Exercise prompt: Given the entries below, would you transcribe exactly the lines starting at the one with "Premium Classic T-Shirt" and ending at the one with "Used 2023 Volkswagen", both kept, pictures omitted, nothing extra?

Data supplied:
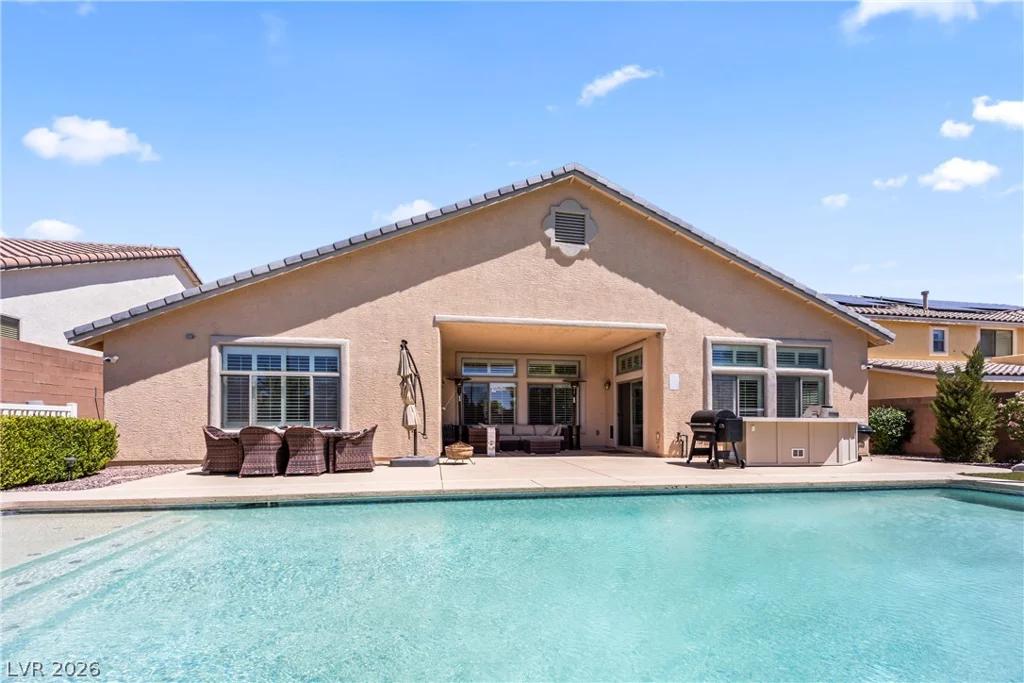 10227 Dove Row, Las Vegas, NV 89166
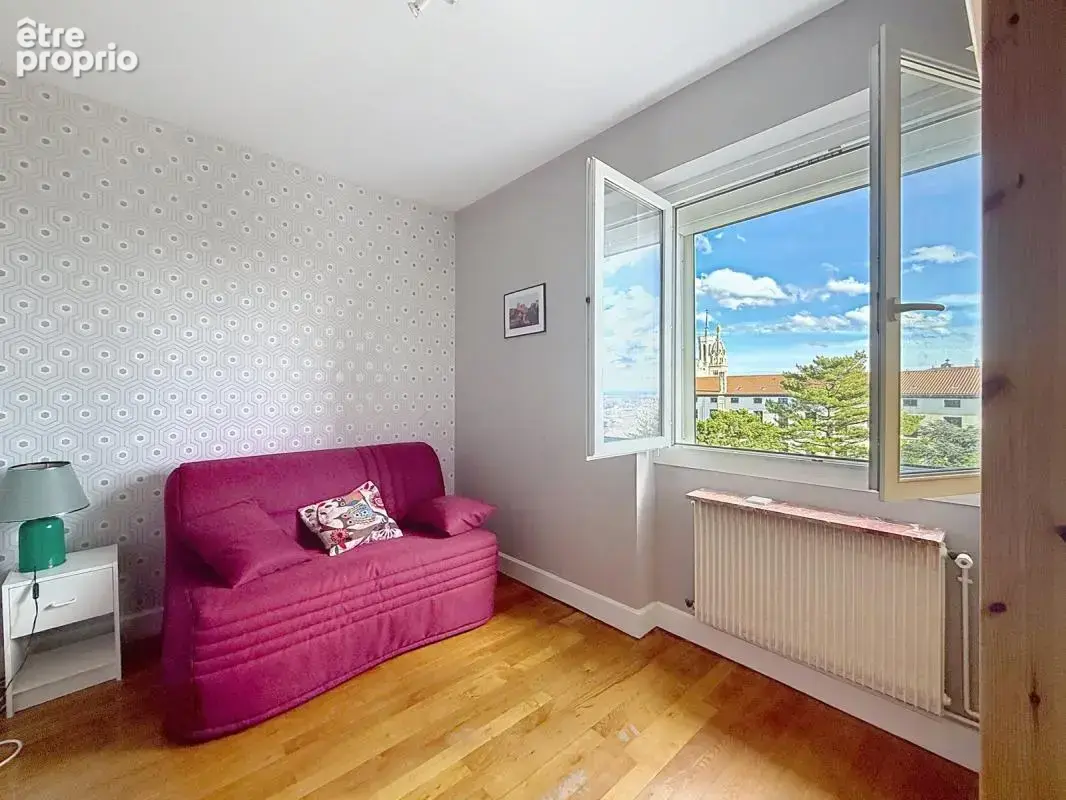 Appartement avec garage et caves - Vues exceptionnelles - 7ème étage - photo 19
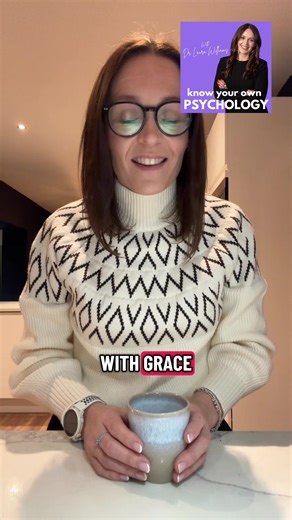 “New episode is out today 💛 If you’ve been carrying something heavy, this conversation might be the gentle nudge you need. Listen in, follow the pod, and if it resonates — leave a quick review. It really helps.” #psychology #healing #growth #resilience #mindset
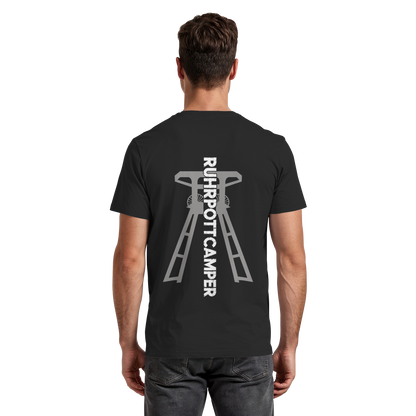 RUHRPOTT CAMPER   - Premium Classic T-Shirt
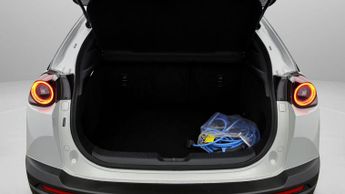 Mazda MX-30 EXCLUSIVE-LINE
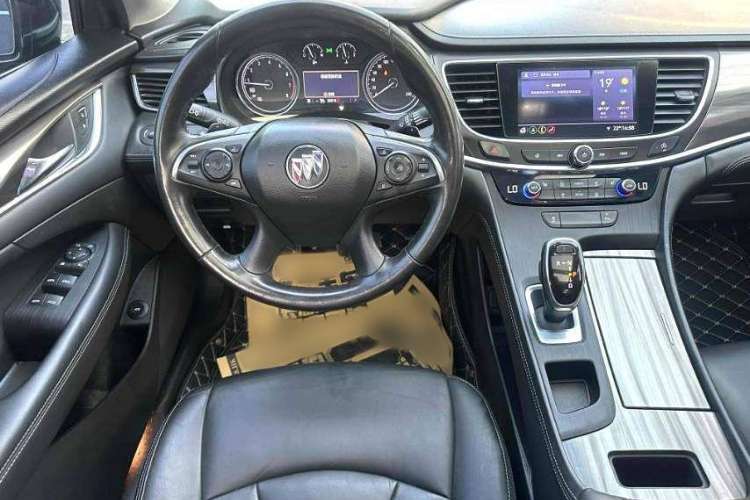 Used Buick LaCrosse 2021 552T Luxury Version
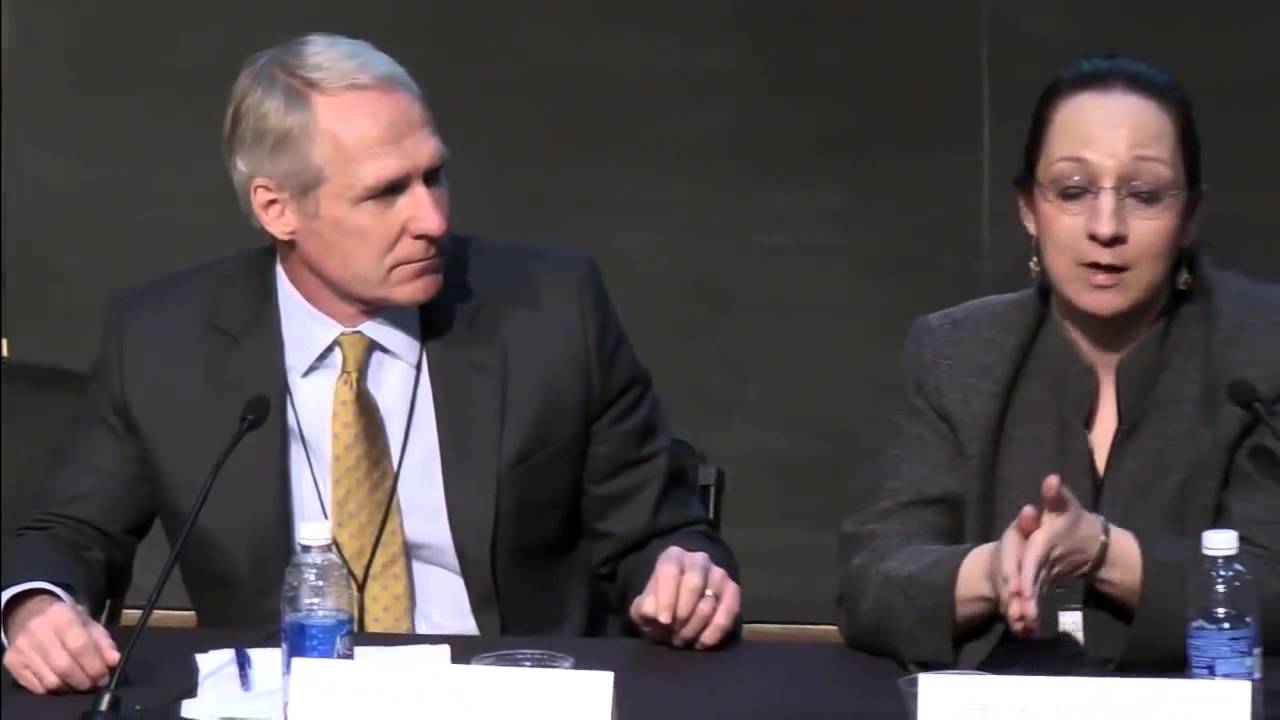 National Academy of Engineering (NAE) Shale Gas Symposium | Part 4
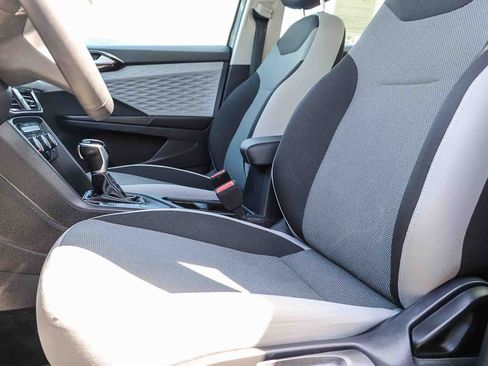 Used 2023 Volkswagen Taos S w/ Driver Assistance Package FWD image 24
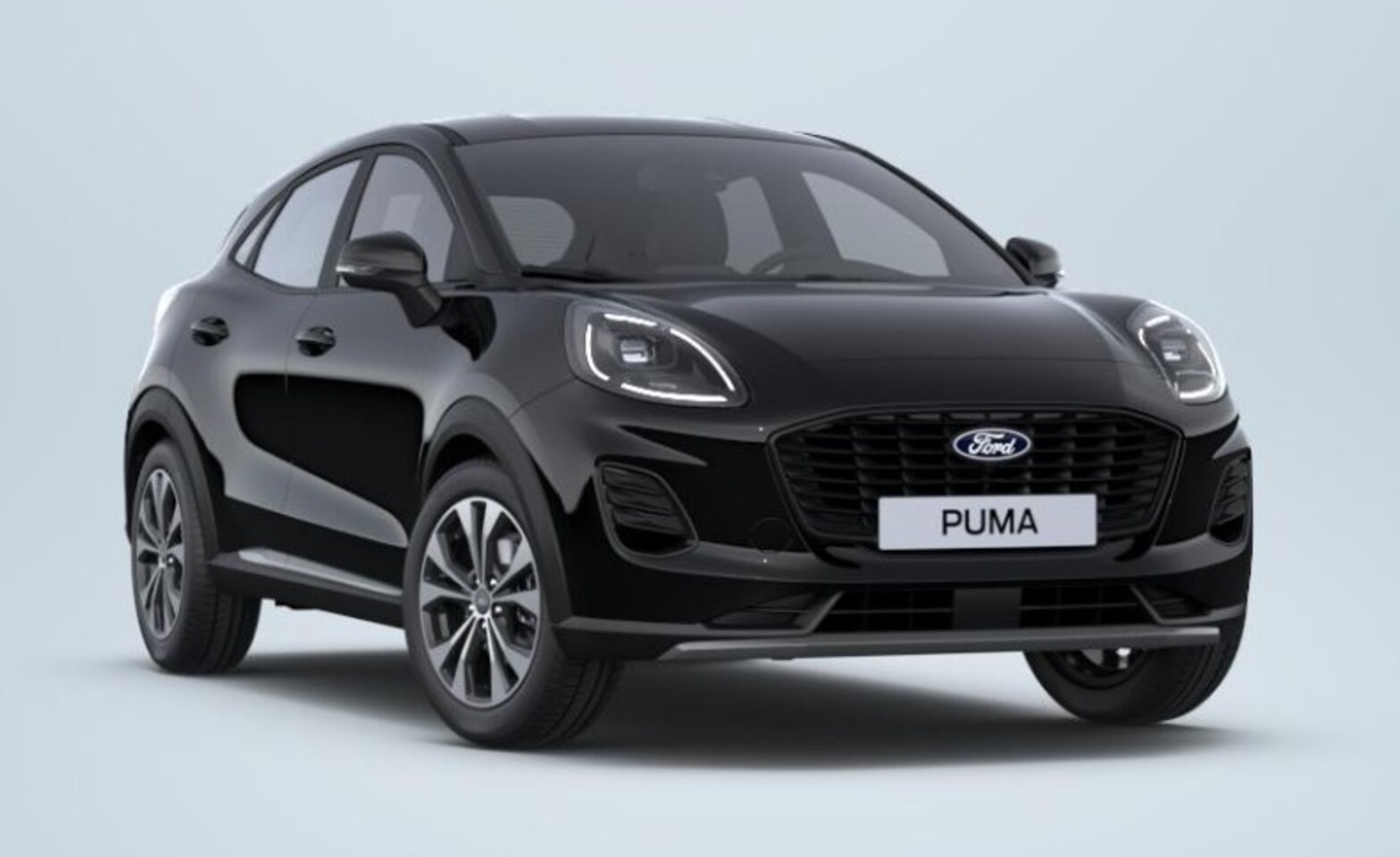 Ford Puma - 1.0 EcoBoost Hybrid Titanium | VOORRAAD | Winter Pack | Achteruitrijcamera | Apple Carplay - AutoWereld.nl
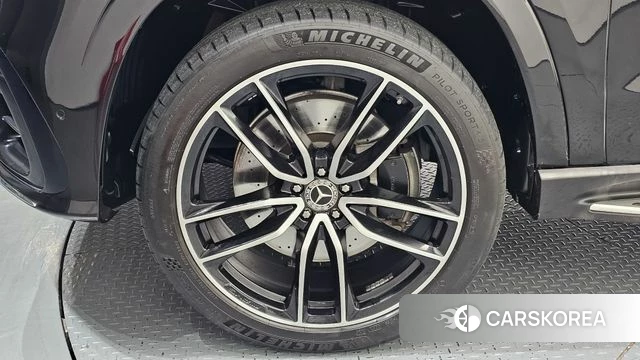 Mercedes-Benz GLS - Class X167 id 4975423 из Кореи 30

Answer space:
 RUHRPOTT CAMPER   - Premium Classic T-Shirt
 Mazda MX-30 EXCLUSIVE-LINE
 Used Buick LaCrosse 2021 552T Luxury Version
 National Academy of Engineering (NAE) Shale Gas Symposium | Part 4
 Used 2023 Volkswagen Taos S w/ Driver Assistance Package FWD image 24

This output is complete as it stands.